> _Try it_:
A word-for-word transcription of every record is needed.

> _Provided data_:

+ + + + +

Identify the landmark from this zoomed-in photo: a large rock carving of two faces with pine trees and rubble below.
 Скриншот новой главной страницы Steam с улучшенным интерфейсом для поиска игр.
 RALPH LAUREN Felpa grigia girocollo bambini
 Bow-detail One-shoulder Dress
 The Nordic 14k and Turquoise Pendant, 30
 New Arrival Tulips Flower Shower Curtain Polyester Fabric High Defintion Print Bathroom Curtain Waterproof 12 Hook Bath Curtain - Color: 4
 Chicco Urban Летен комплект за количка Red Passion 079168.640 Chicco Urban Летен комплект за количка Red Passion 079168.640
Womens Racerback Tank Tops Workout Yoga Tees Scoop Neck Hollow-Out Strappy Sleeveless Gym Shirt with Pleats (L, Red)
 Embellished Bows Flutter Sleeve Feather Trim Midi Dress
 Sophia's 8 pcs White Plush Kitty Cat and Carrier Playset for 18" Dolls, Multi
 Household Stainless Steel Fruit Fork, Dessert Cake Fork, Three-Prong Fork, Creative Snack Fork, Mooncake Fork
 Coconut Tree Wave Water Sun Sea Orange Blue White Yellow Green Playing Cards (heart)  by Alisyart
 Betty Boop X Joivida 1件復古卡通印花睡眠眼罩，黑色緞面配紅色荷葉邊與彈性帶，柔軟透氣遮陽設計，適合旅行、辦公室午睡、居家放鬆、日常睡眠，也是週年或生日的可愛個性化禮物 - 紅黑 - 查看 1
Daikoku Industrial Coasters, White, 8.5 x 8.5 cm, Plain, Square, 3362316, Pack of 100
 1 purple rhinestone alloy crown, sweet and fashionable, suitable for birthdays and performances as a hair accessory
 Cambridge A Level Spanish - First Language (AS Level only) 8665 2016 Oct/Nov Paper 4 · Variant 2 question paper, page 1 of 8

+ + + + +

> _Output_:
Identify the landmark from this zoomed-in photo: a large rock carving of two faces with pine trees and rubble below.
 Скриншот новой главной страницы Steam с улучшенным интерфейсом для поиска игр.
 RALPH LAUREN Felpa grigia girocollo bambini
 Bow-detail One-shoulder Dress
 The Nordic 14k and Turquoise Pendant, 30
 New Arrival Tulips Flower Shower Curtain Polyester Fabric High Defintion Print Bathroom Curtain Waterproof 12 Hook Bath Curtain - Color: 4
 Chicco Urban Летен комплект за количка Red Passion 079168.640 Chicco Urban Летен комплект за количка Red Passion 079168.640
Womens Racerback Tank Tops Workout Yoga Tees Scoop Neck Hollow-Out Strappy Sleeveless Gym Shirt with Pleats (L, Red)
 Embellished Bows Flutter Sleeve Feather Trim Midi Dress
 Sophia's 8 pcs White Plush Kitty Cat and Carrier Playset for 18" Dolls, Multi
 Household Stainless Steel Fruit Fork, Dessert Cake Fork, Three-Prong Fork, Creative Snack Fork, Mooncake Fork
 Coconut Tree Wave Water Sun Sea Orange Blue White Yellow Green Playing Cards (heart)  by Alisyart
 Betty Boop X Joivida 1件復古卡通印花睡眠眼罩，黑色緞面配紅色荷葉邊與彈性帶，柔軟透氣遮陽設計，適合旅行、辦公室午睡、居家放鬆、日常睡眠，也是週年或生日的可愛個性化禮物 - 紅黑 - 查看 1
Daikoku Industrial Coasters, White, 8.5 x 8.5 cm, Plain, Square, 3362316, Pack of 100
 1 purple rhinestone alloy crown, sweet and fashionable, suitable for birthdays and performances as a hair accessory
 Cambridge A Level Spanish - First Language (AS Level only) 8665 2016 Oct/Nov Paper 4 · Variant 2 question paper, page 1 of 8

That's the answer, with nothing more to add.